Exercise requirements: Look in the material below for the line holding "Side Burners DCS". Set it down exactly, with each later line up to and including the line holding "WRS Windscreen Standard".
** Provided data follows **
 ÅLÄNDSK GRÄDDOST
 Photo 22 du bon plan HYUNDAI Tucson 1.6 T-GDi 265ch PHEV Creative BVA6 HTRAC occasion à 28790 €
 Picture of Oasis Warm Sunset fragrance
** End of Provided data **
** Provided data follows **
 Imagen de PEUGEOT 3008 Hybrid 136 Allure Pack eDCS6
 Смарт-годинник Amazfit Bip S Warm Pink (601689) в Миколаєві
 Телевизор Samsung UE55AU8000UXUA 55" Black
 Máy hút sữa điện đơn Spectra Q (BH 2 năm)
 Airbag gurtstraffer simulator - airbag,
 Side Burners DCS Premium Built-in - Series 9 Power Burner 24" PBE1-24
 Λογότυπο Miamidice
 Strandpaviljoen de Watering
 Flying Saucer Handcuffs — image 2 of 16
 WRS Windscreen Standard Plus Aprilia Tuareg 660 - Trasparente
** End of Provided data **
Completed exercise:
 Side Burners DCS Premium Built-in - Series 9 Power Burner 24" PBE1-24
 Λογότυπο Miamidice
 Strandpaviljoen de Watering
 Flying Saucer Handcuffs — image 2 of 16
 WRS Windscreen Standard Plus Aprilia Tuareg 660 - Trasparente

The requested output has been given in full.